Après en avoir nié l’existence (même s’il reconnaissait s’être penché sur le sujet) dans un article publié dans le Corriere della Sera du 24 octobre 1982, où il déclarait à peu près ceci : « Je n’avais jamais lu Salgari et j’ai seulement eu la possibilité d’aborder l’œuvre de cet auteur, il y a quelques années, quand j’ai été chargé, par le directeur du Corriere dei Piccoli, de faire une bande dessinée avec « Les Enfants de Momprecem » (sic) ; ceci ne s’est pas fait parce que ma façon de réduire le texte était peut-être un peu trop irrévérencieuse : un homme doit choisir entre un type de littérature et un autre, moi, j’ai choisi l’anglo-saxonne. »), c’est finalement dans l’indispensable livre de ses entretiens avec Dominique Petitfaux (3) qu’il lâche le morceau, en 1990 : « D.P. : Il paraît que vers 1971 vous auriez dessiné, pour le Corriere dei Piccoli, une trentaine de planches d’après un roman d’aventures italien ? H.P. : Oui, et ces planches ont été volées.

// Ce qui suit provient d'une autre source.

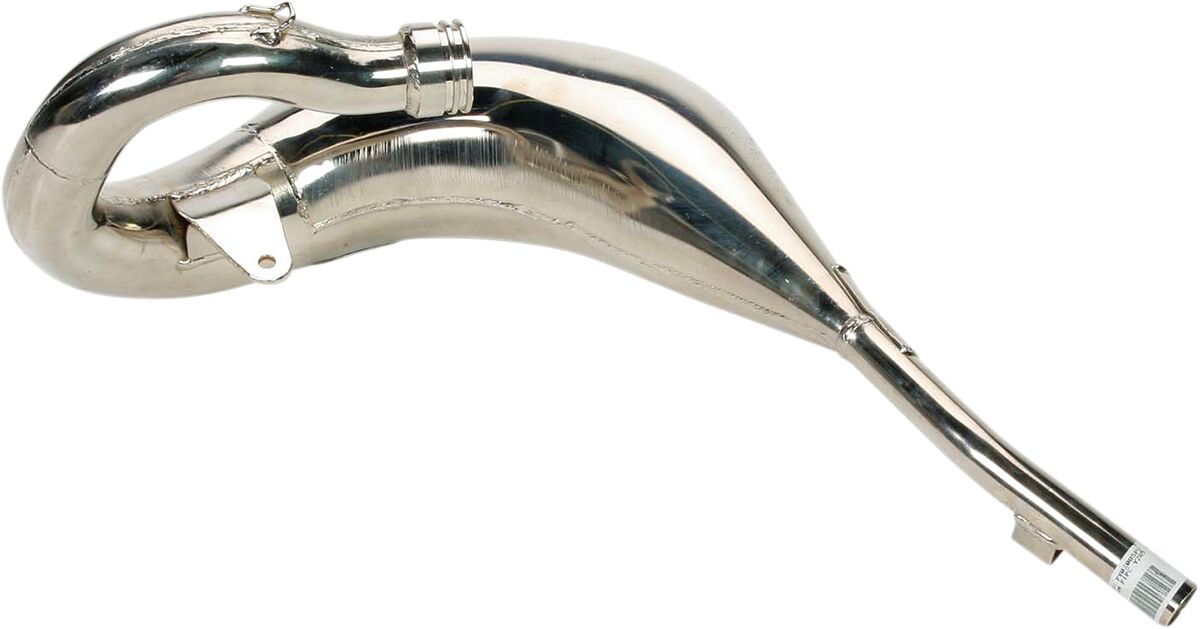PLAT PIPE YZ85 '02-07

Je ne sais pas par qui, mais Francesconi, qui était directeur du journal, le sait, et il m’a promis de me le dire un jour ! ». Juste avant, on pouvait aussi y lire : « D.P. : Que penser des rumeurs selon lesquelles vous auriez en réserve des histoires entières, complètement achevées ? H.P. : Ce n’est pas vrai. Je ne travaille que si cela me rapporte de l’argent, alors je ne fais rien juste pour moi ; sauf bien sûr des études, des personnages, des aquarelles, des peintures, des huiles, des sérigraphies. Mais jamais de bandes dessinées. J’ai quelques planches de prêtes que je pourrais utiliser un jour dans diverses histoires, mais pas d’épisodes entiers. C’est mon côté mercenaire : je fais les choses parce que j’ai besoin d’argent. ».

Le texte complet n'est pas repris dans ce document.